It’s gotten harder to write as I’ve gotten older – I was just telling Mum this recently. Especially in the past year, every time that I’ve begun to blog anything, I’ve ended up deleting the draft, either because I decided that nobody cares to hear about the daily ordinary stuff, or because the subject matter of the post had already been tackled by all the truly great Catholic bloggers, and what was I thinking that anything I would have to say on the subject would be at all original?
I don’t see those fears in my eighteen-to-twenty-two-year-old self. I wanted to document everything, not because I thought there was anyone in particular [aside from Mum and Mama] that would bother taking the time to read it, but because I wanted to remember – I wanted to remember that I was happy, and what had made me happy. What it all was, really, was my simple, unaffected documentation of the beautiful and singularly original life that God has given me, to fill with as much joy and purposefulness as I can, by His grace.
Now, where did that Ais go?
Shortly after graduating, I believe I lost my previously mostly-okay balance of order and spontaneity – or rather, of my sense of spontaneity within order. I’ve become overly preoccupied with my calendar – and overly dependent on it. I don’t merely input my work schedule – I input my worship schedule, my hangout schedule – for heavens’ sake! my sleeping schedule!
A year ago, my calendar had my class schedule and precious little else. Daily Mass was a given – not something that I necessarily ever planned to have enough sleep for. Of course there’s a prudence to taking enough time to plan big things that require or desire the presence of many persons. But what truly made my final year-and-a-half of college so beautiful was the spontaneity – within the order. I’ve looked back many times recently and remembered that we used to go to Highland and the St. Clair almost weekly – but what I’ve been forgetting to remember is that those weekly excursions weren’t discussed or planned. If, after SFL meetings, people decided that they needed a break from homework and a night out with friends, we’d hit the Highland. And if anyone was down for an extended period of comfortable inebriation after Wednesday night wine class, we’d run over to the St. Clair. There was no thought of making it a regular sort of thing; it just ended up that way. I’ve also been remembering the very large amount of time that I used to spend at the old Domus Damascus – and I’ve been forgetting to remember that half the fun was the randomness of it. Marty and Andrew used to tease that the texts would go, “Anyone home? Can I come over?” “Sure.” “Okay, thanks; I’m here.” Or, “Hey, Kuya, have you had lunch?” “Nope; I just woke up.” “Okay, I’m bringing Wich Which.”
I was recently lamenting to Mother that I never have time to read anymore, because reading is the sort of thing that I start and then get lost in and then half the day would be gone. And her reply was, “Well. Sometimes it just happens. Let it.” Well, she’s right.

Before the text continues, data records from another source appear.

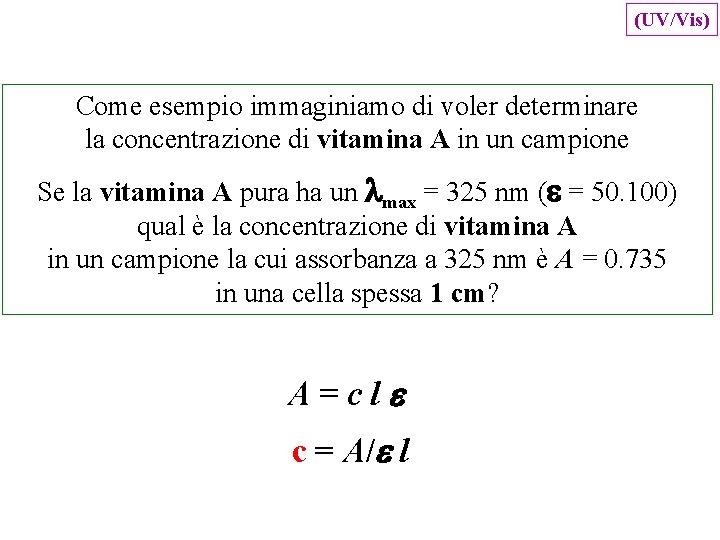 (UV/Vis) Come esempio immaginiamo di voler determinare la concentrazione di vitamina A in un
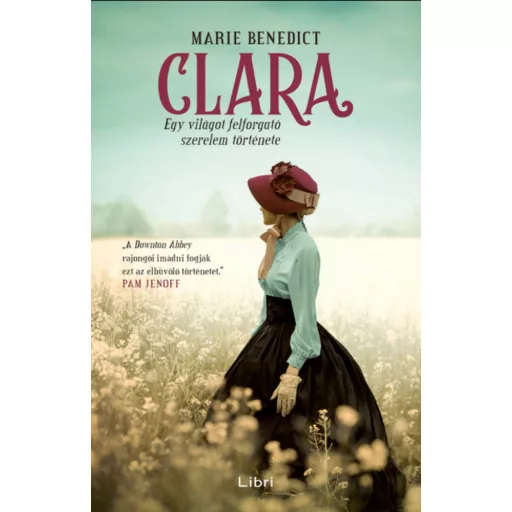 Clara - Egy világot felforgató szerelem története - Marie Benedict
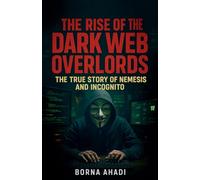 The Rise of the Dark Web: Overlords The True Story of Nemesis and Incognito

When I told Annie that I’ve never been happier, I did mean it. In this past year, the times that I’ve been truly happy, I’ve felt it more and more keenly. True happiness has steadily become more and more overwhelming in my awareness of its beauty, and my wonder at the moments from which it springs. I thank God for this grace.

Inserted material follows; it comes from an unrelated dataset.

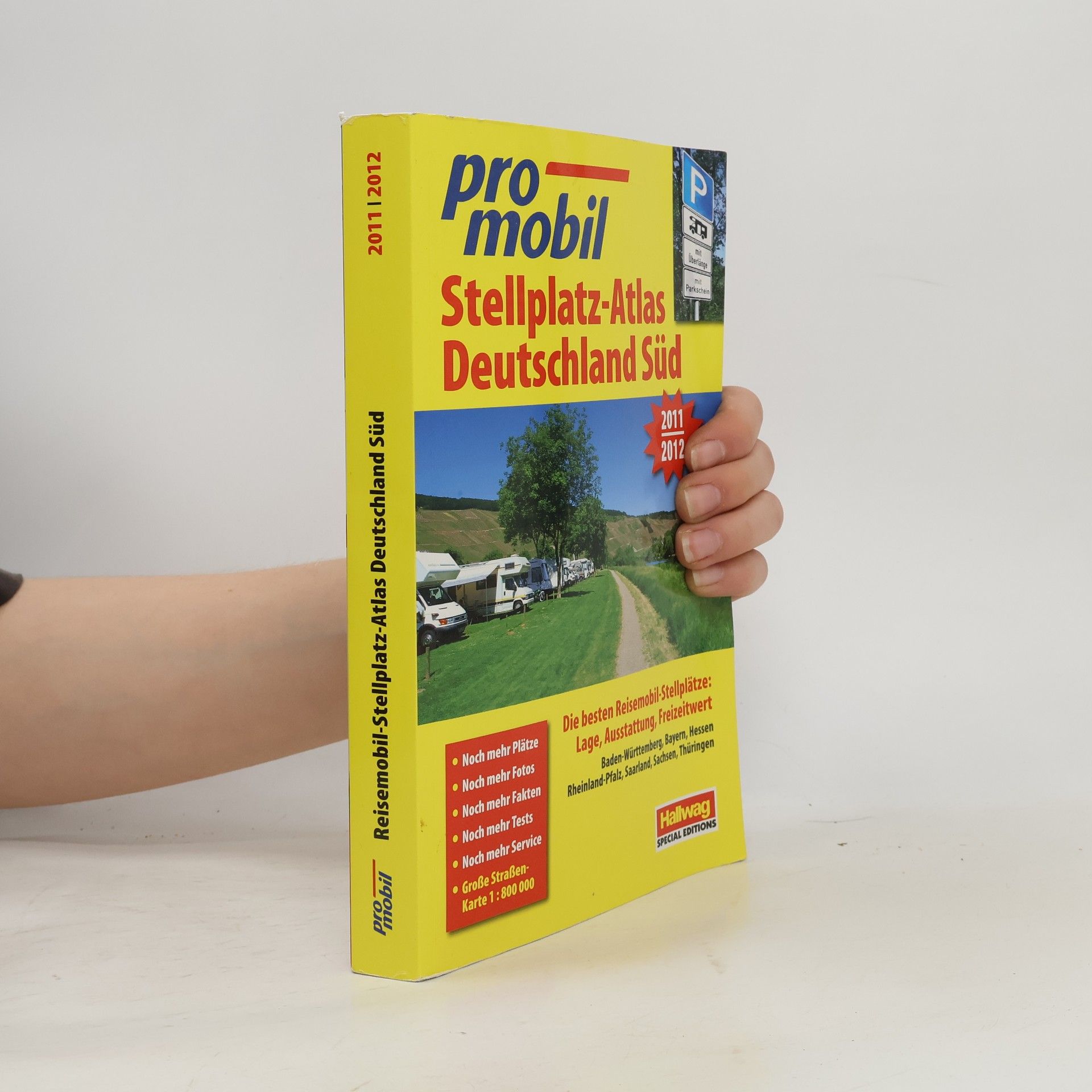 Autorenkollektiv Promobil Stellplatz-Atlas Deutschland Süd 2011/2012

But similar to how words can become a barrier to heartfelt trust and authentic communication, my ability to be truly joyful on a more regular basis has seemingly diminished as I have become more aware of the need to choose it in the face of trials. Instead of growing in my openness to the simple joys of daily life, I’ve become entirely too focused on the “big” times in which I need to choose joy in a “big” way in the face of some [relatively] “big”[ger] trials. When I finally managed to more consistently give God my big-picture level of trust, the devil started messing with my day-to-day level of trust, got me obsessed down to the hour, severely damaged my capacity for spontaneity, and effectively killed my previously natural and mostly subconscious capacity for being more steadily joyful over ordinary things. Half the fun in the first girls’ night out to Chandler’s was the utter randomness of it, the need for which was prompted by tears from Josie over an unspeakably ungracious table. While girls’ nights outs were still fun the following year, the ability to be joyful in an act of spontaneity was no longer there, replaced by our desperate scramble for monthly dates that would agree with all interested parties in spite of some of the worst work schedules any of us will ever have to experience in our lives, Lord ha’ mercy.
Father snarkily [but very rightly] remarks that the comment that priests should say every Mass like it’s their first, if taken far too literally, makes for a very bad liturgy. “If everyone would just follow the rubrics…” There’s your order =) and rightly so. But to receive the Eucharist as if it were your first time every time; to recall and to enter into, once again, the wonder and awe of receiving into one’s own self the Body, Blood, Soul, and Divinity of one’s God; there’s your spontaneity. If you did nothing but breathe between [daily] Masses, then, at the very least, you’d have roughly 17,280 new reasons to praise and thank God for the gift of Life. But do we not, in the course of 24 hours, accumulate countless other reasons for praising and thanking Him aside from simply breathing?
Recently, I texted this quote to a friend:
Most of the time, when people say “be vulnerable” they mean be honest about your weaknesses, open about your pain. That kind of vulnerability is good, but there’s an equally important kind: the vulnerability of joy. It’s a scary thing to let others see what you love. It takes guts to stand up and say, “Whoa! This is beautiful!”
Since then, I’ve spoken at least four times to other friends about the vulnerability of joy. And now, recalling my conduct of the past six months especially, I have come to the conclusion that I have been considerably less brave about being vulnerable in my joy. Makes sense, yes? Since it’s something that I’ve been encouraging in others, it’s also where I’ve been experiencing the most attacks. “Constant vigilance!” He admonishes, and I cringe; I’ve slacked quite badly, so much so that I see clearly how it has hurt others. Of course we know, conceptually, that sin is not isolated to the individual, but that it negatively affects the entire Body of Christ. For my part, I have had very little experience of really seeing that – until now. I’ve hurt family and friends alike, in my lack of vigilance.
Liette continually reminds us in Women’s Group that when we experience fear, anxiety, anger, any and all manner of negative emotion, that that negativity is the devil’s lie, and that we have to train ourselves to respond immediately to that, first by reminding ourselves that it is not from God. From there, we need to determine exactly what the lie is – and when we are able to truly root it out, then it has no more power over us.
I’m working on it.
I see that those times of keen, sharp, overwhelming happiness of which I spoke to Annie were moments of spontaneity – and I am now very much aware of how many opportunities I’ve missed, in my extreme selfishness.
This has indeed been a blessed Lent. The hardest, for sure – the worst, because I realize that what made it so hard was my own refusal to respond to God’s grace. But Mama Mary worked very hard on me, and on the 25th – the Feast of the Annunciation, the Fall of Sauron, the 7-year Anniversary of my Consecration, the first of the New Year on the old calendar – she put forth some humungous effort and pulled me through. This past week-and-a-half has been everything but miserable – and I do mean everything, from happy to sad to angry to terrifying and who knows what. (Well – He does.) It was pervaded by clarity – clarity, in seeing the true roots of my fear, the true cause of my anger, the thinness of my sadness, and the overwhelming potential for joy.
As Mama has reminded me seventy-times-seven times, and then some, in the past ten hours, may awa ang Diyos.